Juliet goes to Friar Laurence as she sees him as a father figure (act 4 scene 1 lines 126).’Farewell, dear father!’ Juliet sees him as a priest but on this occasion he’s more like a father to her.Shakespeare expresses ‘Sexual Love’ through Sampson and Gregory (act 1 scene 1) and Mercutio and Benvolio (act 2 scene 1 lines 17-40).
Sampson and Gregory make puns (act 1 scene 1 line 32) and rude jokes (act 1 scene 1 lines 22-25).’I will cut off their heads… the heads of the maids, or their maidenheads’, meaning take women’s virginity (a rude joke).’My naked weapon is out’, meaning his sword but this also means a men’s genitals is out (a rude pun).
In the start of the argument between Sampson and Gregory they both say collier, choler and collar (these three words all sound alike).Mercutio and Benvolio make jokes and puns about Romeo’s love (act 2 scene 1 lines 17-40).’If love be blind, love cannot hit the mark’ meaning if there’s no love then love cannot achieve its aim. Shakespeare uses such language and includes such scenes to show that ‘sexual love’ is natural.

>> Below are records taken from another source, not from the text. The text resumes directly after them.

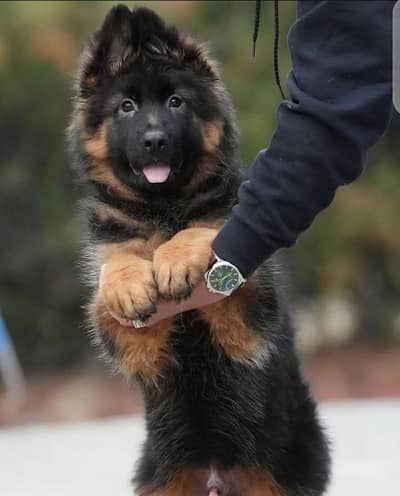German Shepherd puppy | Long Coat puppies | Dog For Sale | GSD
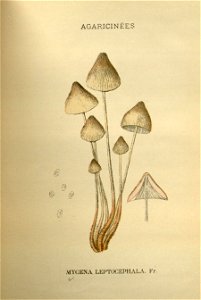 n205_w1150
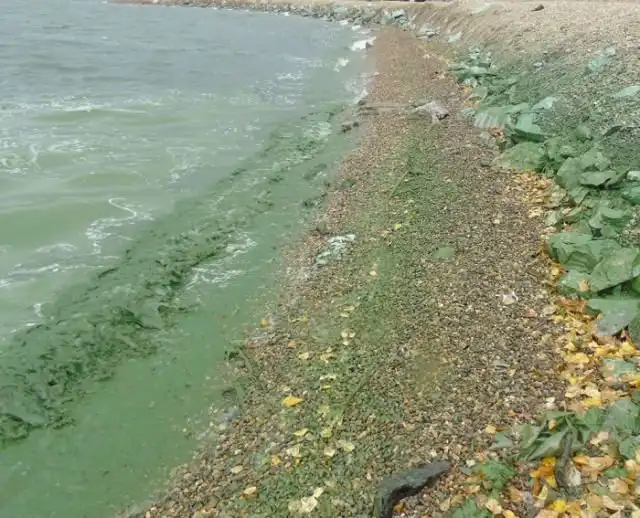 Черноисточинское водохранилище под Нижним Тагилом стало зеленым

When Romeo and Juliet meet and kiss each other for the first time, Shakespeare has written the words in a form of a sonnet (a fourteen line poem with the last word rhyming). The sonnet contains an argument and a way working through that argument. The sonnet also includes such religious words as ‘Pilgrim’, ‘Profane’, ‘Shrine’, ‘Saint’, ‘Holy’, etc (act 1 scene 5). These words are to show Romeo and Juliet’s love as a religion.

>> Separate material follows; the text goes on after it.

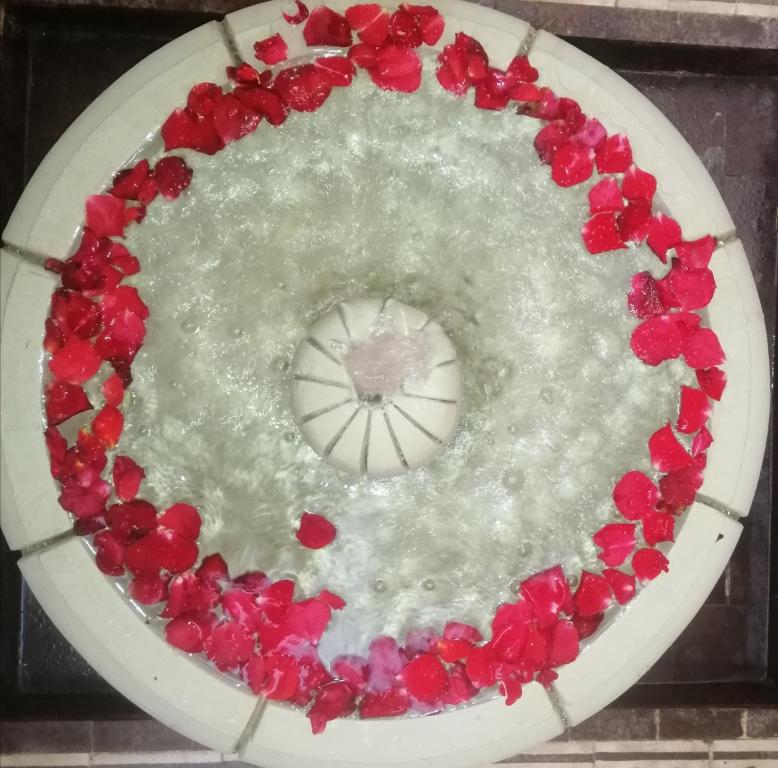 a cake with red flowers on top of it at Hostel Laksour in Marrakesh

‘This holy shrine’ meaning Juliet’s hand (act 1 scene 5 line 93). When Romeo spoke about Rosaline he used a lot of oxymoron’s ‘loving hate’, ‘bright smoke’ to indicate the falseness of his love for Rosaline.In the balcony scene (act 2 scene 2) Romeo has climbed over the wall into the Capulet’s orchard to speak to his love Juliet (who is on her balcony of her bedroom hence the name ‘the balcony scene’). Romeo and Juliet refer to each other as words such as the sun, the moon and the stars (act 2 scene 2 lines 3, 4, and 15).’Two of the fairest stars in all heaven’ referring to Romeo and Juliet.
‘And Juliet is the sun!’ referring to Juliet. Romeo then swears his love for Juliet by the moon, but Juliet disagrees because the moon is inconstant and she wants their love to last long. Juliet then gives Romeo the idea of getting married.’I have no joy of this contract to-night’. Romeo promises to see her the next day.